Druids, Others Protest Stonehenge Construction Project Nov 17, 2020 17:24:51 GMT -5
Post by JoannaB on Nov 17, 2020 17:24:51 GMT -5
Druids, Others Protest Stonehenge Construction Project
Ignoring the recommendations of planning inspectors, last week, the UK’s transportation secretary approved a £1.7 ($2.2) billion project for a two-mile tunnel near Stonehenge for traffic passing close to the ancient site.

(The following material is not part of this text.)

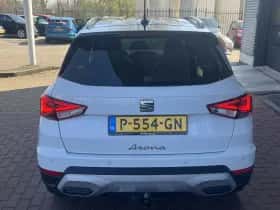 SEAT Arona (2022) thumbnail 17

Following approval, the Stonehenge Alliance, an advocacy group for the landmark, issued a statement indicating it “deeply regrets a decision that will send shock messages around the world.” In addition to aesthetic concerns, the group fears that underground artifacts will be destroyed during construction. According to a news release, the projection will “become the largest ever human intervention in an area fashioned and revered by over a hundred generations of our ancestors. It would cause irreparable damage.”
Nonetheless, English Heritage, the site’s caretaker organization, considers the decision good news. “This is a landmark day for Stonehenge,” organization chief executive Kate Mavor proclaimed. “Placing the noisy and intrusive A303 within a tunnel will reunite Stonehenge with the surrounding prehistoric landscape and help future generations to better understand and appreciate this wonder of the world. We will now continue to work closely with heritage partners to ensure that the final road scheme is the best outcome for the Stonehenge.”

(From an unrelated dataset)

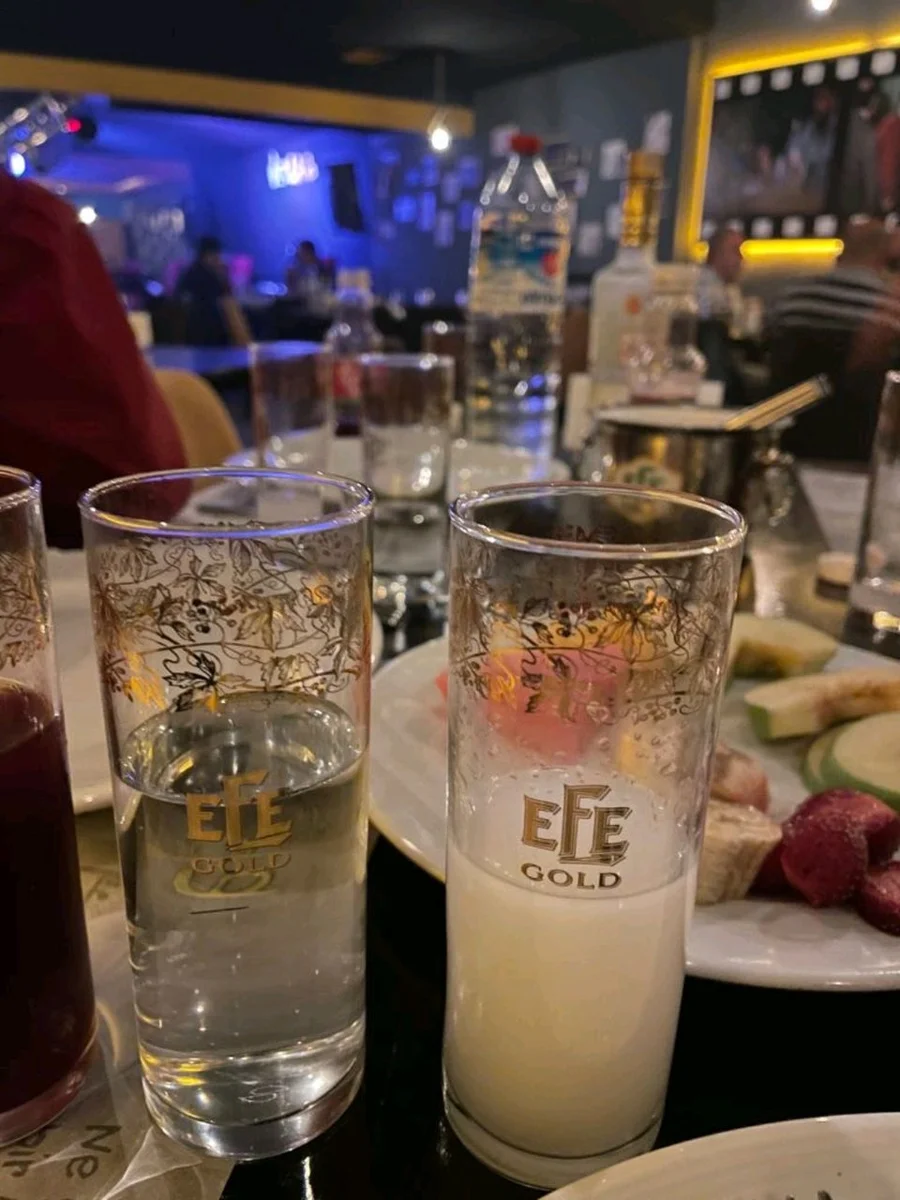 SAHNE Zula’ da | Ankarada Canlı Müzik - Görsel 3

Needless to say, Arthur Pendragon, a modern-day Druid who believes himself to be the reincarnation of King Arthur, told The Guardian he expects a global protest. “If they really wanted to do this, they should have done it properly with a much longer tunnel, not one that pops up at both ends in the world heritage site,” he declared.
The 66-year-old Pendragon also advised those working at the site to “pray to their gods” before disturbing the area. “Surrounding Stonehenge are buried the remains of thousands of Neolithic dead,” he warned. “The land is sacred and we don’t know what forces we might be unleashing. All our actions have consequences and who knows what those consequences might be.”
He also said it “would be beneficial to have Druids and pagans on site to conduct ritual services when the bodies are disturbed. Everything will be okay,” he claimed, “if the remains are re-interred, but they will want to put them in a museum.”
Druids and other pagans gather at Stonehenge twice a year to celebrate the summer and winter solstices.